Born in Rawalpindi in present day Pakistan in 1915, Bisham Sahni was an iconic Hindi writer, playwright and translator. He participated in the Quit India movement of 1942 for which he spent time in jail. Sahni's most famous novel Tamas, which won the Sahitya Akademi Award in 1975, depicted the harrowing aftermath of the Partition. He received a number of awards, including the Padma Shri (1969), the Padma Bhushan (1998), and the Sahitya Akademi Fellowship in 2002.

In the following excerpt from his memoir, Today's Pasts, Sahni describes his abrupt departure from his ancestral home in Rawalpindi and the subsequent journey to Delhi in the wake of the Partition.

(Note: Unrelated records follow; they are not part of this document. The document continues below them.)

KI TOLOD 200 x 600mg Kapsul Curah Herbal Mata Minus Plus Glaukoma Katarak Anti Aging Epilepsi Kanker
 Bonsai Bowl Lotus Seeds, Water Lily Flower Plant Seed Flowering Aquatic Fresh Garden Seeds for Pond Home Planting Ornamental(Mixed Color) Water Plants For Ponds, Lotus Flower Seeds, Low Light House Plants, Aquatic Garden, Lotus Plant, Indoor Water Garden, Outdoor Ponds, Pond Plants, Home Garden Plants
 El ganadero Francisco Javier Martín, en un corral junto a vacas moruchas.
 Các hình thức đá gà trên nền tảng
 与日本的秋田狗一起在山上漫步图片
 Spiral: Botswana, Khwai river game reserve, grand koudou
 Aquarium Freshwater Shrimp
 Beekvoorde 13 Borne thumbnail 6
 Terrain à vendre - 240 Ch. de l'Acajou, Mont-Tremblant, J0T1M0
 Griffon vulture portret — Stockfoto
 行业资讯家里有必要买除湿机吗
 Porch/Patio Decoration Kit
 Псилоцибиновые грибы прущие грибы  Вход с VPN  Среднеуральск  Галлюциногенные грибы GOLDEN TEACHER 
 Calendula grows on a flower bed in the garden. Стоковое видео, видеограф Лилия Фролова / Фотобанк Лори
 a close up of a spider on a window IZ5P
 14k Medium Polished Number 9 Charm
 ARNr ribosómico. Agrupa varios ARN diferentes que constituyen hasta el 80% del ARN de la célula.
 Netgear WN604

On 6 June 1947 the government announced that the state of Pakistan was going to be created. I was standing on the roof of my house in the morning when a man from the alley out front came running to the end of the street—that was Barrister Mahmud—and he spoke loudly, with wild gesticulations, and bouncing uncontrollably. "The decision has been made! There will be a Pakistan! The news is on the radio. Long live Pakistan. Celebrate, my fellow Muslims! Long live the Qaid-e-Azam. Live long."